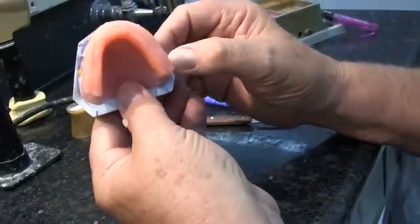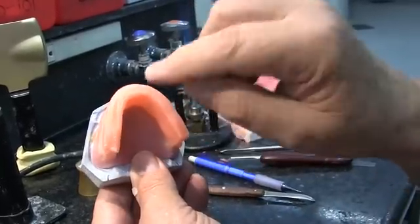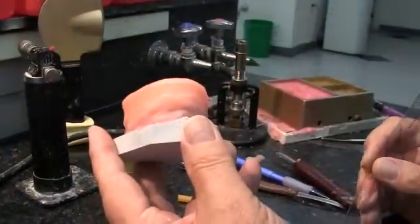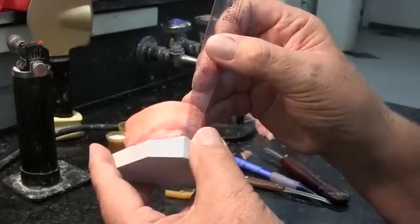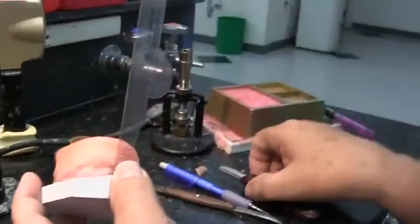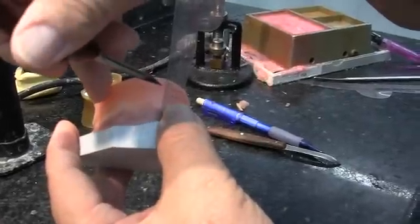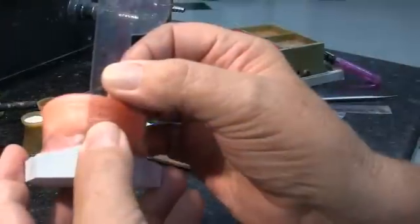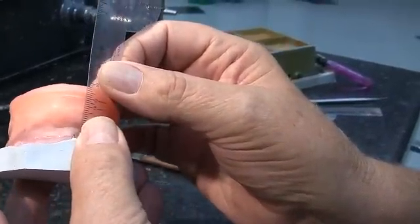Now we're in pretty good shape. We're checking to make sure we're over the center of the ridges and that we are approximately 6 millimeters to the anterior. We are now ready to measure the anterior height of the occlusion rim — we want it to be 22 millimeters from the depth of the vestibule, measured 1 to 2 millimeters either side of the anterior frenum. We've placed a mark on there.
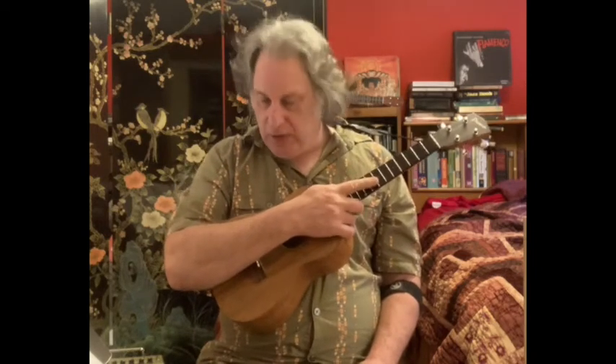Greetings fellow ukuleleans, Jeff Weinberger coming at you here with a new tutorial. Once again I'd like to go over one of the etudes in my book, Finger Style Etudes for Ukulele. I did it about three years ago, and I've just been remaking tutorial videos on it. I had all ten of them up on YouTube at one time and I'm just redoing these. I have a little bit of time between when I wrote the book and today, so maybe I can give you some additional perspective on it.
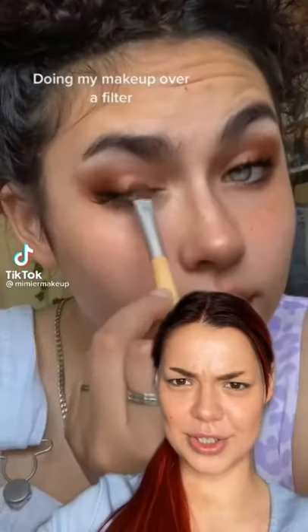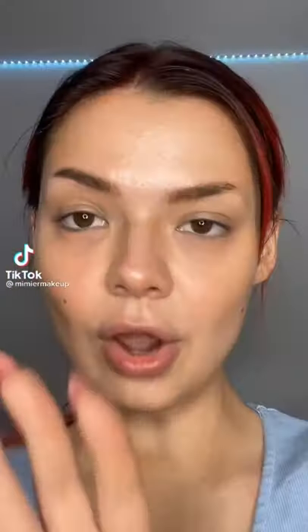Doing your makeup over this filter — does that work? I already recreated this filter but I didn't do it over the filter. A lot of you guys told me I should have done it with the filter on, so let's try that.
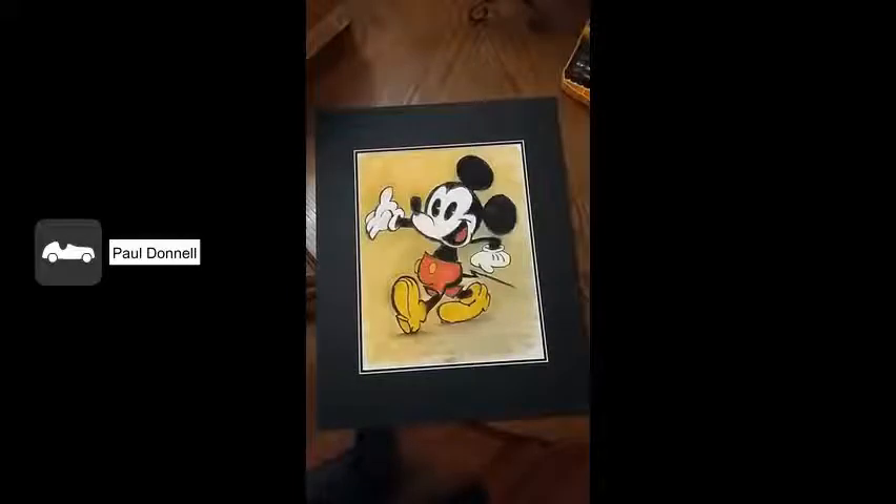I now flip over the matting and you can see the picture is centered just where I want it. It looks pretty good — I think I'm ready to start putting the backing onto it now.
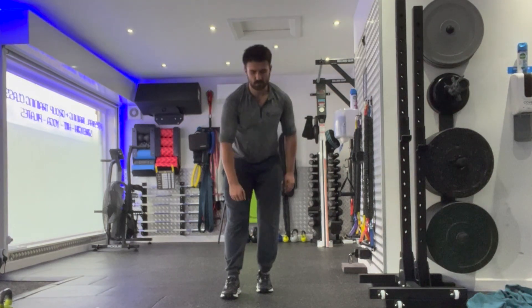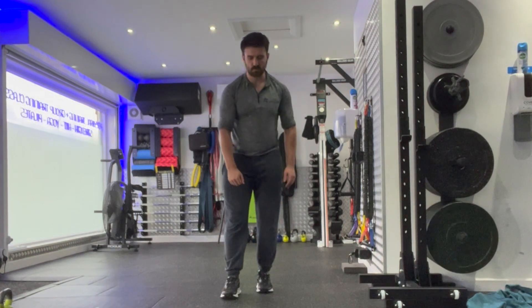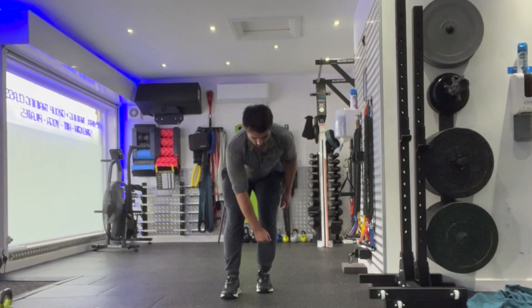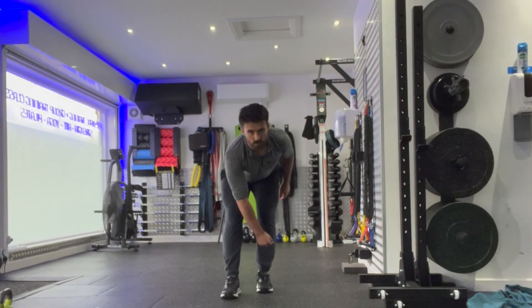Repeat for the prescribed number of repetitions on one side before changing sides. Make sure there are no deviations on the pelvis, and keep a nice tripod position with your foot throughout. That's the Staggered Stands Cross Body RDL.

#### WHAT YOU WILL DO:
Reproduce exactly the lines from the one containing "Doing your makeup" through the last line of the records, both included, leaving out every picture.

#### RESPONSE TO THE EXERCISE:
Doing your makeup over this filter — does that work? I already recreated this filter but I didn't do it over the filter. A lot of you guys told me I should have done it with the filter on, so let's try that.
I now flip over the matting and you can see the picture is centered just where I want it. It looks pretty good — I think I'm ready to start putting the backing onto it now.
Repeat for the prescribed number of repetitions on one side before changing sides. Make sure there are no deviations on the pelvis, and keep a nice tripod position with your foot throughout. That's the Staggered Stands Cross Body RDL.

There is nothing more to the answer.